_Extracted information_
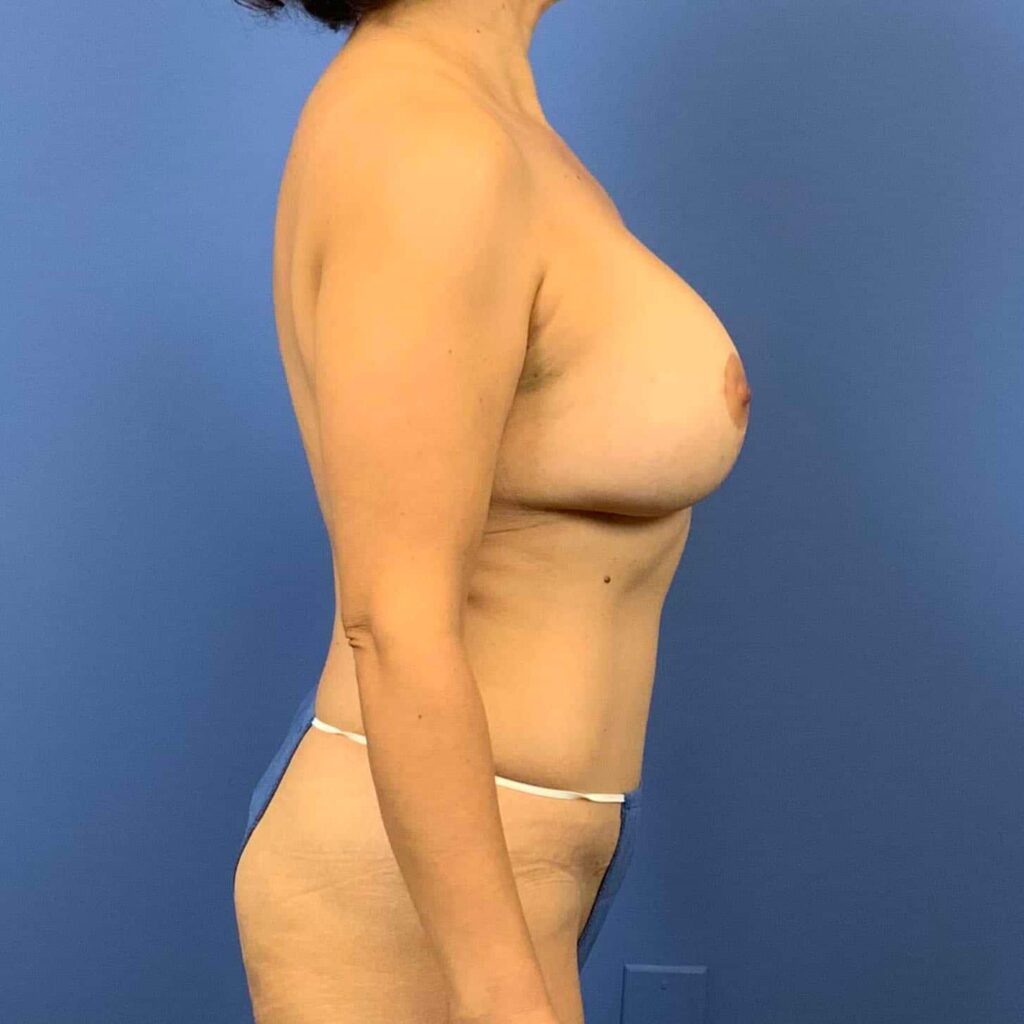 After Image: Patient 43370 - right-side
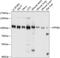 Karyopherin Subunit Beta 1 antibody, A01851, Boster Biological Technology, Western Blot image 
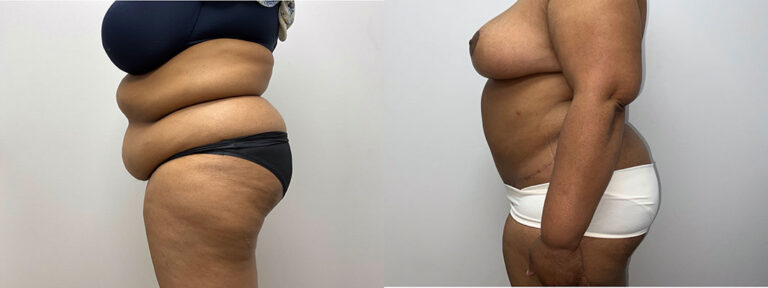 Panniculectomy Woman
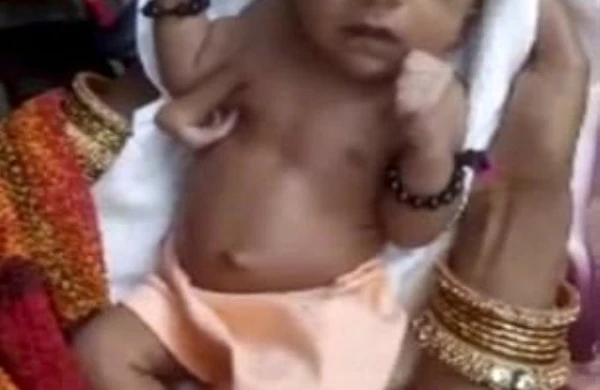 3 qollu doğulan körpəni “peyğəmbər” elan edib ibadət etməyə başladılar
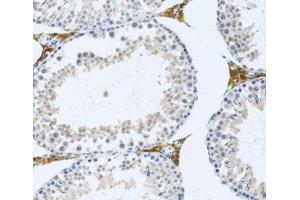 Immunohistochemistry of paraffin-embedded Mouse testis using FMOD Polyclonal Antibody at dilution of 1:100 (20x lens). (Fibromodulin antibody)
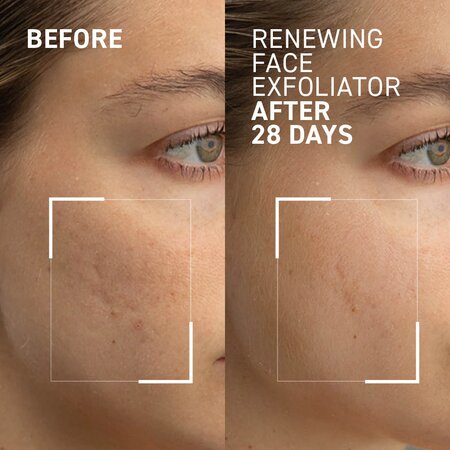 Exfoliant anti-imbatranire pentru fata Age-Defying Exfoliator Microdermabrasion, 20 ml, Dr. Brandt 647489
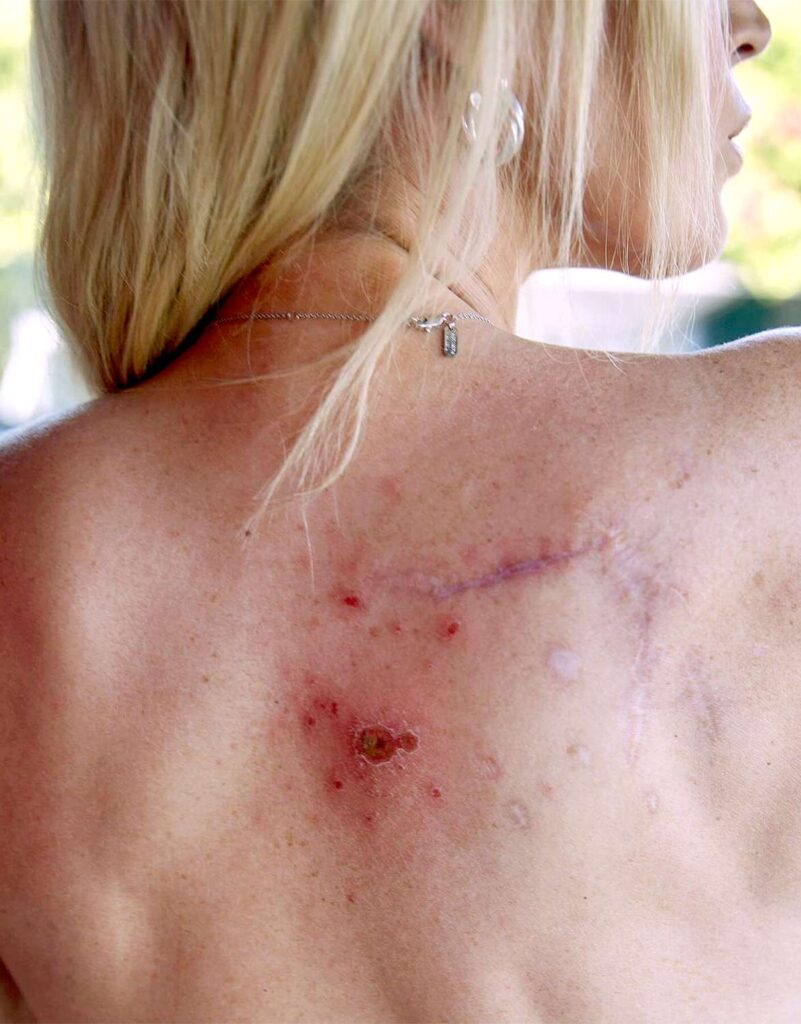 Teddi Mellencamp muestra sus cicatrices tras batalla contra el cáncer 5 Teddi Mellencamp scar 123123 04 8dc3d608cc0c40c689e6fb78f7d3c351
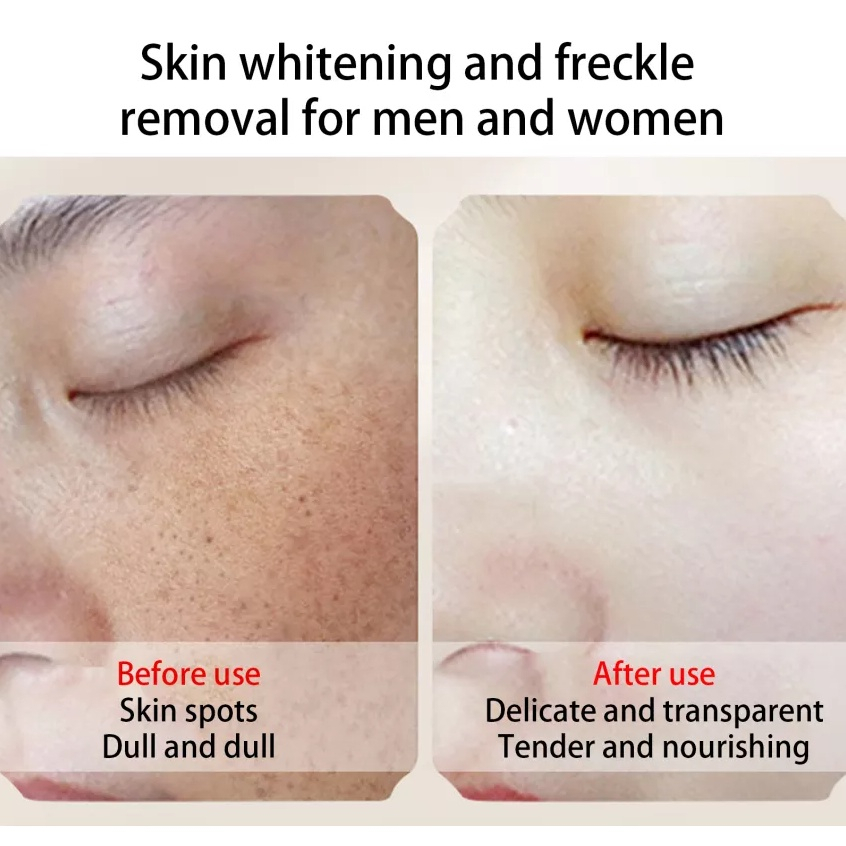 CINDYNAL Whitening Freckle Cream Remove Penghilang Noda Kulit Krim Wajah Pemutih Krim Pemutih Penghilang Bintik Jerawat Melasma Melanin Salep Pigmen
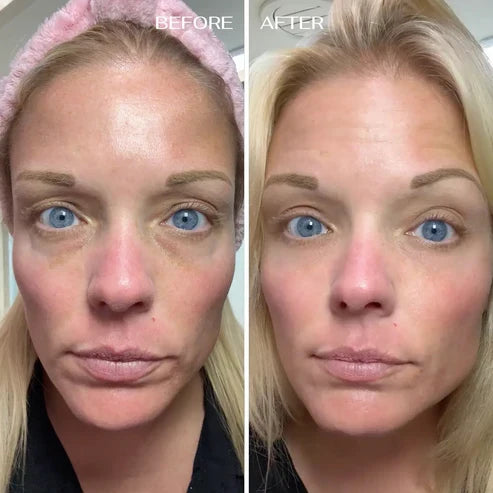 ALL-IN-ONE BALM FOR UNDER EYE RENEWAL✨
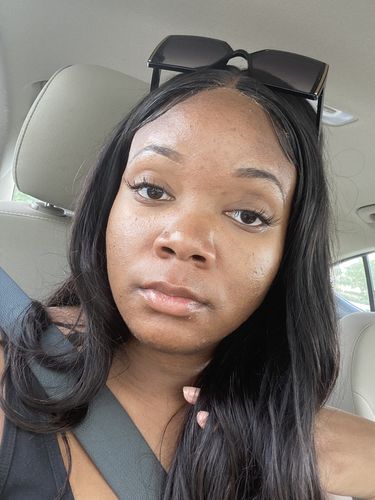 Customer photo review of BERRI-CLEAR+ 5 BERRY SUPERFRUIT SERUM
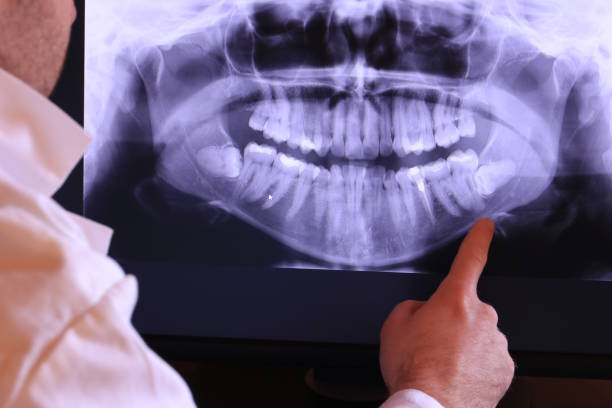 Best Emergency Denture Repair in Lucasville, OH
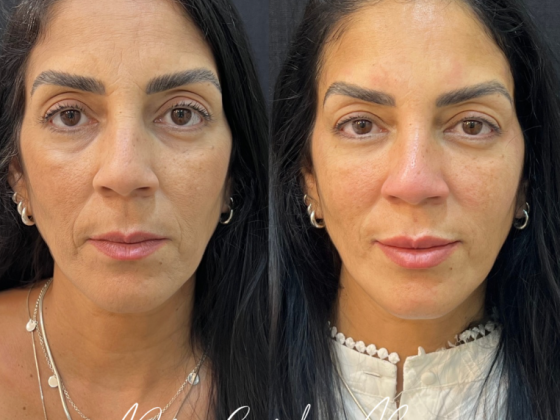 Dra. Carolina Russo - Harmonização facial e corporal 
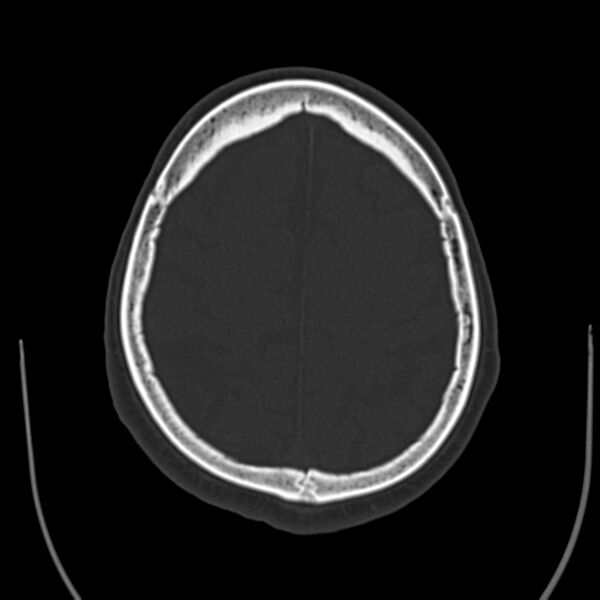 File:Brain Pantopaque remnants (Radiopaedia 78403-91048 Axial bone window 52).jpg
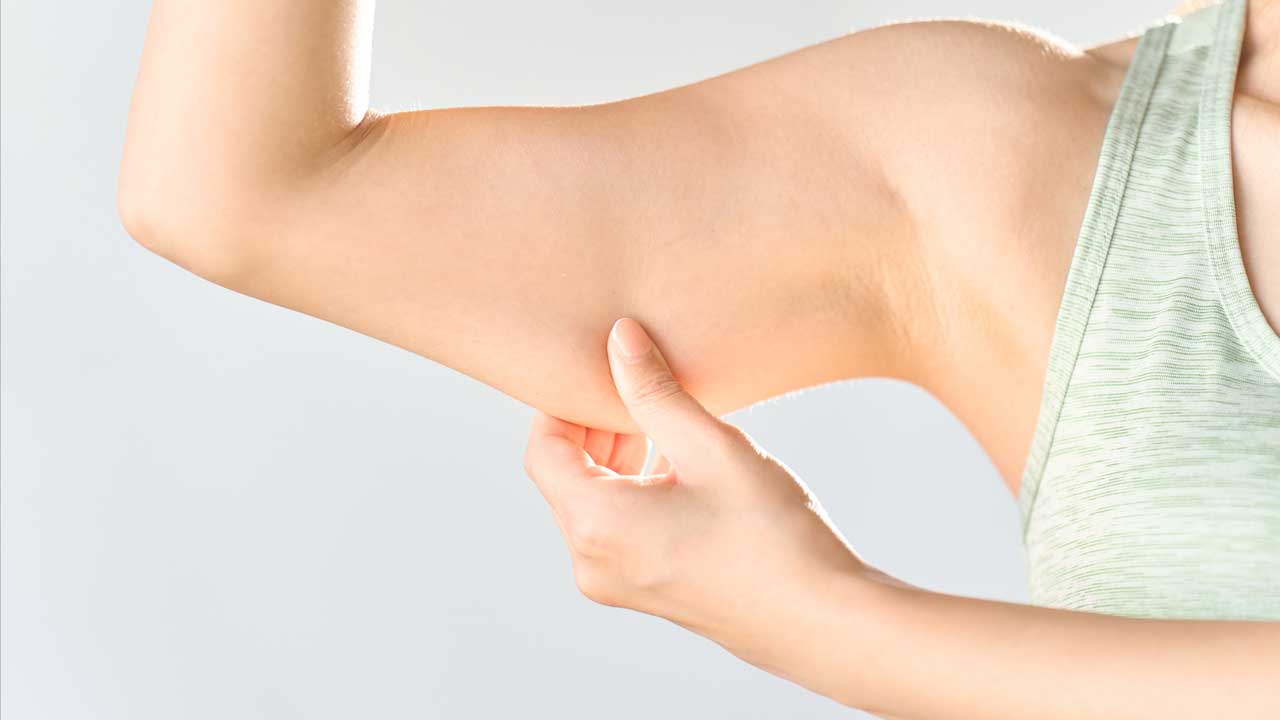 Arm Lift & Lipo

_Aim of the task_
Output the line containing "Immunohistochemistry of paraffin-embedded" along with every line after it to the end of the material, exactly as written, but without pictures.

_Response to this exercise_
 Immunohistochemistry of paraffin-embedded Mouse testis using FMOD Polyclonal Antibody at dilution of 1:100 (20x lens). (Fibromodulin antibody)
 Exfoliant anti-imbatranire pentru fata Age-Defying Exfoliator Microdermabrasion, 20 ml, Dr. Brandt 647489
 Teddi Mellencamp muestra sus cicatrices tras batalla contra el cáncer 5 Teddi Mellencamp scar 123123 04 8dc3d608cc0c40c689e6fb78f7d3c351
 CINDYNAL Whitening Freckle Cream Remove Penghilang Noda Kulit Krim Wajah Pemutih Krim Pemutih Penghilang Bintik Jerawat Melasma Melanin Salep Pigmen
 ALL-IN-ONE BALM FOR UNDER EYE RENEWAL✨
 Customer photo review of BERRI-CLEAR+ 5 BERRY SUPERFRUIT SERUM
 Best Emergency Denture Repair in Lucasville, OH
 Dra. Carolina Russo - Harmonização facial e corporal 
 File:Brain Pantopaque remnants (Radiopaedia 78403-91048 Axial bone window 52).jpg
 Arm Lift & Lipo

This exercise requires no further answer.